では、残存9年の国債をこの時点で99.9万円分購入し、1年後のイールドカーブが全く同じだとしてそこで売却したらどうなるでしょうか?

1年後には残存期間が1年短くなって8年になっていますから、イールドカーブが変わっていなければ価格は100.2円まで上昇しているはずです。したがって、売却額は100.2万円となり、1年間でおよそ3000円(率にして0.3%)の収益が得られることになります。

イールドカーブがずっと変わらなければ、毎年残存9年の国債を購入して翌年に売却するということを繰り返すことによって、ゼロ金利の状況であっても毎年0.3%の収益を確保できるというわけです。これをロールダウン効果と呼んでいます(残存期間が短くなることでイールドカーブの坂を転がるイメージ)。

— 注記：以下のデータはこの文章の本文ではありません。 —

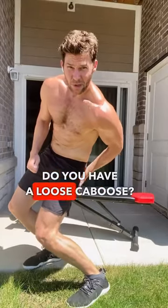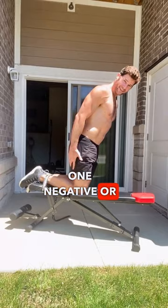Do you have a loose caboose? Do you have weak wheels? Do you have pancake ass? Here's three things you need to do for your leg training that I bet you aren't. Number one: negatives, or eccentric training.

ちなみに、国内債券の代表的なインデックスであるNOMURA-BPI総合のデュレーション(平均残存期間)は9年程度で推移していますので、今のイールドカーブを前提に考えれば期待リターンは0.3%程度と考えてよいかもしれません。

ところでこのロールダウン効果、退職給付債務の計算でも同様のことが言えます。

例えば、10年後の給付見込額が100万円だとすると、2017年12月末のイールドカーブに基づく残存10年の割引率は0.05%なので、退職給付債務はおよそ99.5万円(100万円を年0.05%で10年割引)、翌1年間の利息費用はおよそ0.05万円(≒99.5万円×0.05%)となります。

したがって、(勤務費用がないとすれば)1年後の退職給付債務の予測額は99.55万円となりますが、1年後も同じイールドカーブだとすると割引率は残存9年に対応する0.01%に下がり、1年後に再計算した退職給付債務はおよそ99.9万円(100万円を年0.01%で9年割引)と、予測額よりもおよそ0.35万円(0.35%)増加することとなります。

実務上はほとんど無視できるくらいのレベルですが、例えば、退職給付債務をイールドカーブによる複数割引率で精緻に計算している場合には、ロールダウン効果による若干の債務の増加が、数理計算上の差異の要因の1つとなります。